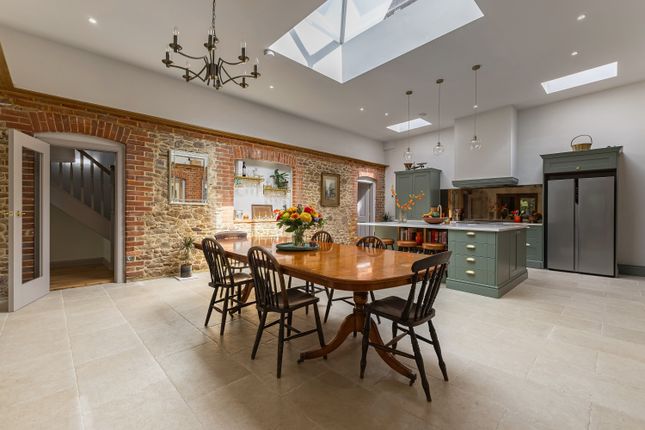 Vale Close, Balchins Lane, Dorking photo 3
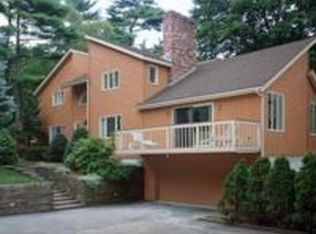 96 Prospect St, Hingham, MA 02043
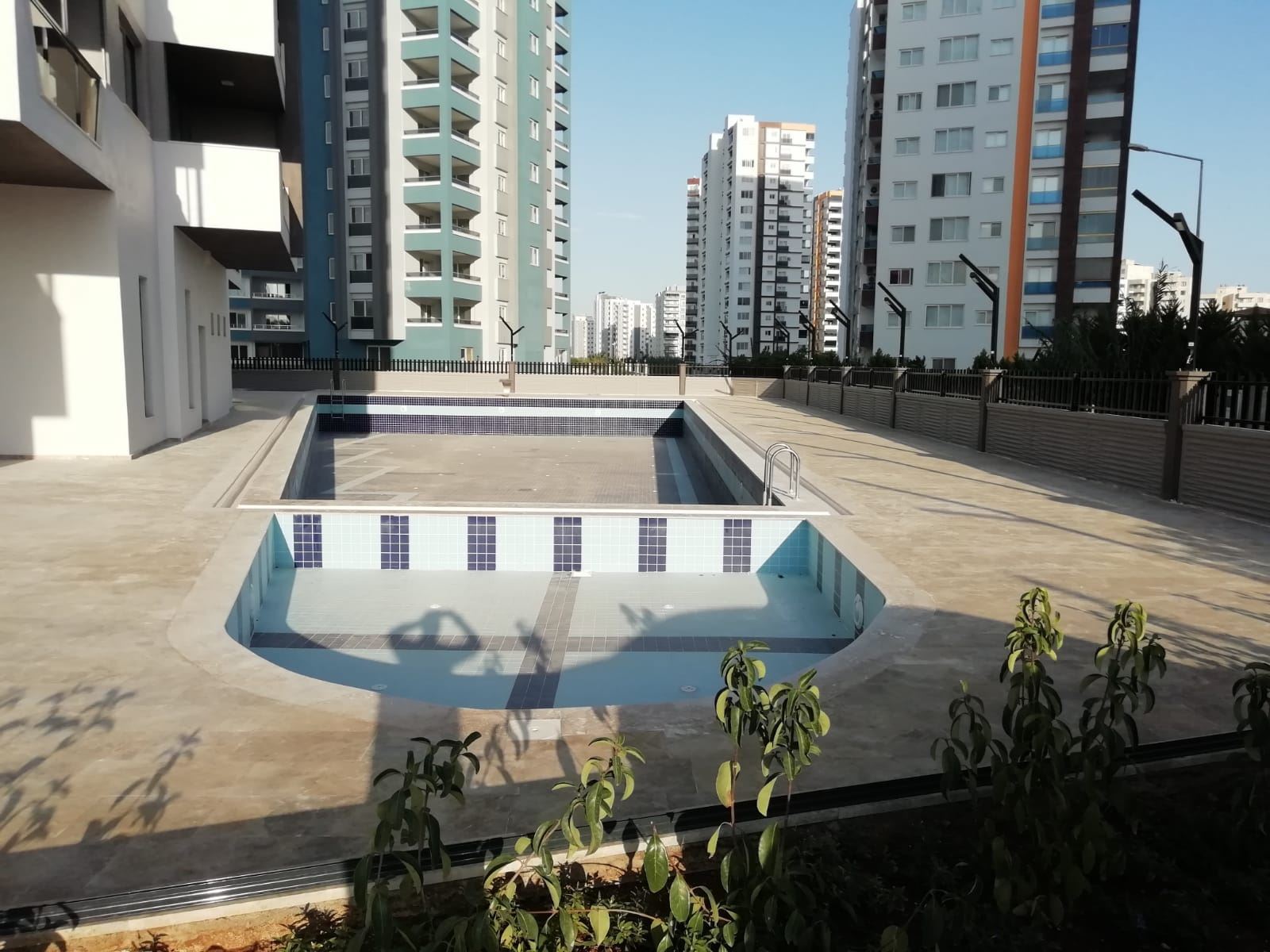 ERDEMLİKOMİSYONSUZ 2+1 SATILIK DAİRE ERDEMLİ  resmi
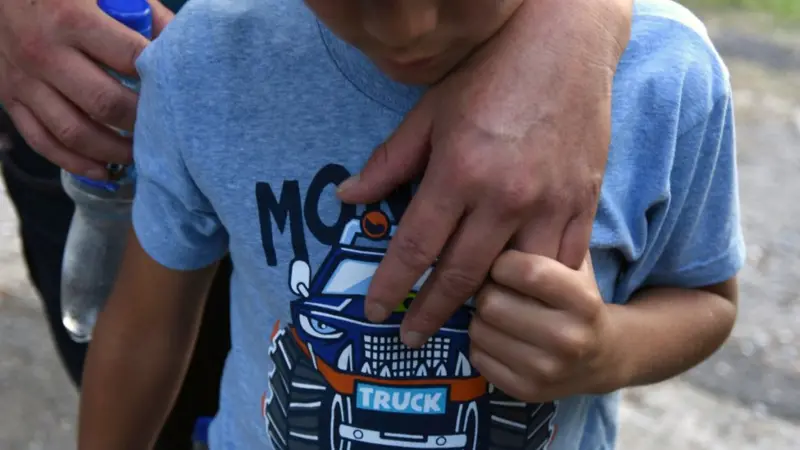 California: familiares podrán cuidar a niños de padres deportados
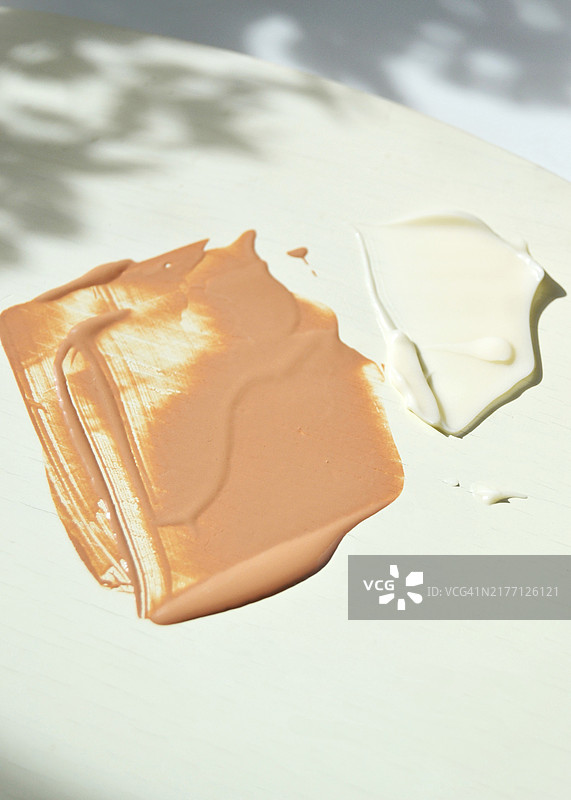 白色背景上的粉底和保湿霜图片素材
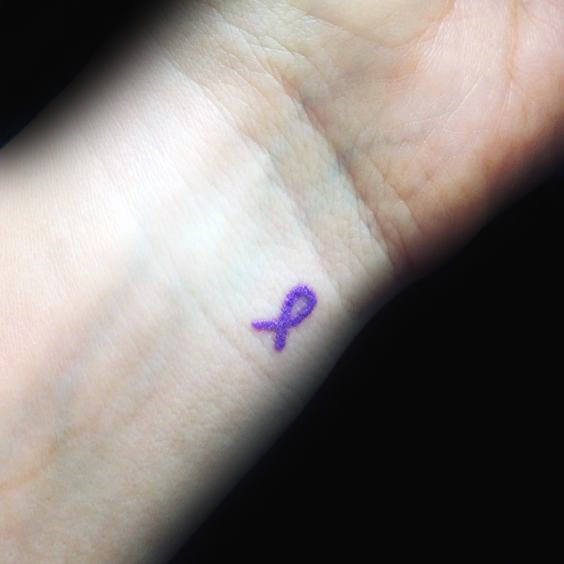 75 Tatuagens de laços contra o cancro (com o significado)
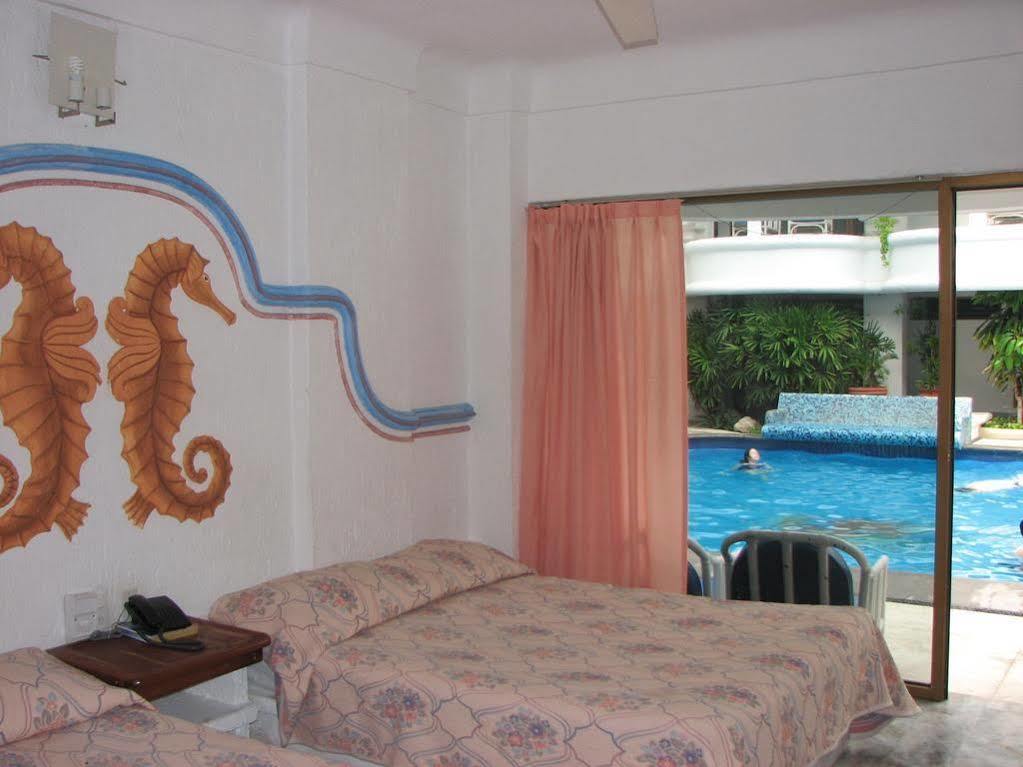 Hotel Y Suites Plaza Manzanillo Exterior photo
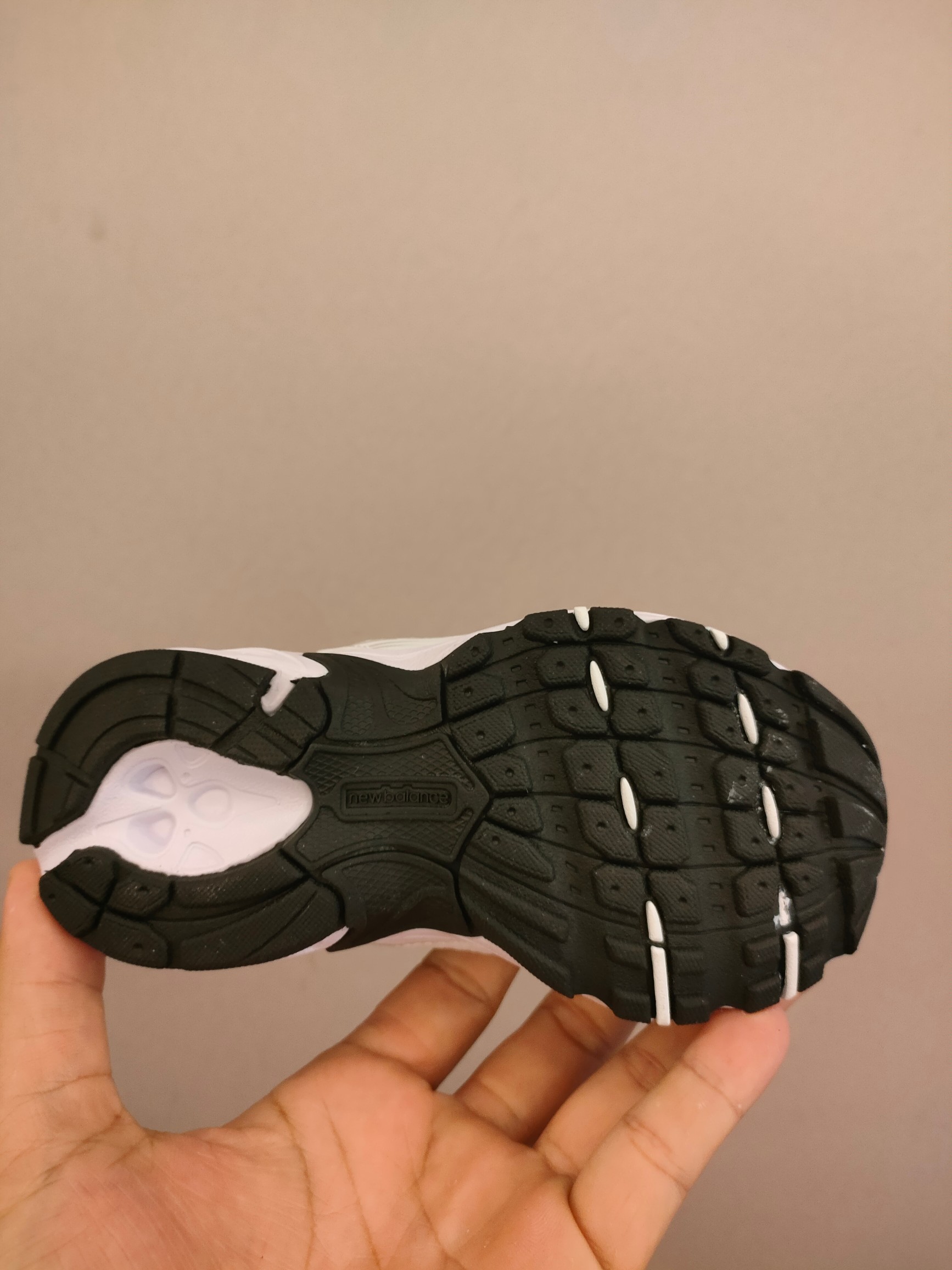 图片[6]-ＮＢ530亲子款软材质+魔术贴+防臭海波丽鞋店 尺码26-37 带来经典系列 经典的530系列！该系列传承了品牌的诸多优点，大胆创新！堪称经典系列里的经典，也是最为热门的系列！时隔一年，再次带来的童鞋，必属重磅～-选品中心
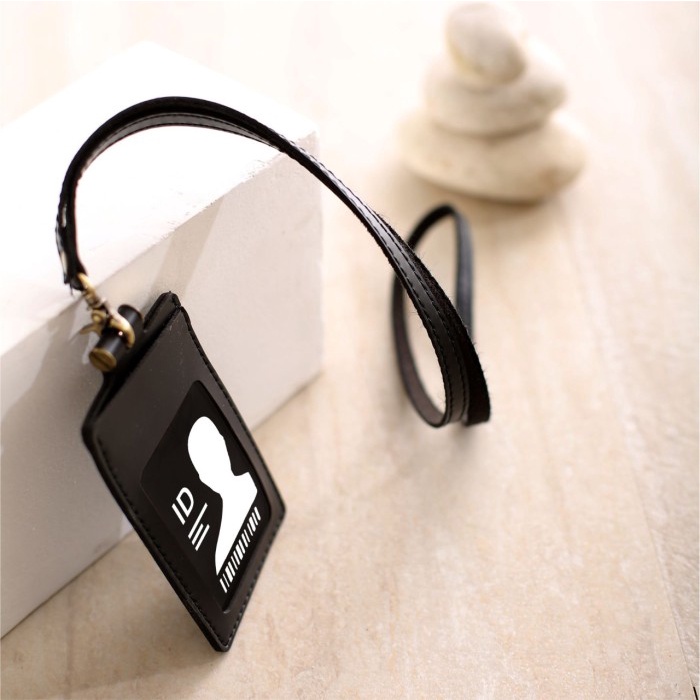 

HARGA DISKON Name Tag Kulit PU Leather Premium ID Card Holder Temboro Black Edition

-*-

### [TASK TO CARRY OUT]
Reproduce the records word for word, please, from their first line up to and including the line that contains "Hotel Y Suites", but no pictures.

### [WRITTEN ANSWER]
 Vale Close, Balchins Lane, Dorking photo 3
 96 Prospect St, Hingham, MA 02043
 ERDEMLİKOMİSYONSUZ 2+1 SATILIK DAİRE ERDEMLİ  resmi
 California: familiares podrán cuidar a niños de padres deportados
 白色背景上的粉底和保湿霜图片素材
 75 Tatuagens de laços contra o cancro (com o significado)
 Hotel Y Suites Plaza Manzanillo Exterior photo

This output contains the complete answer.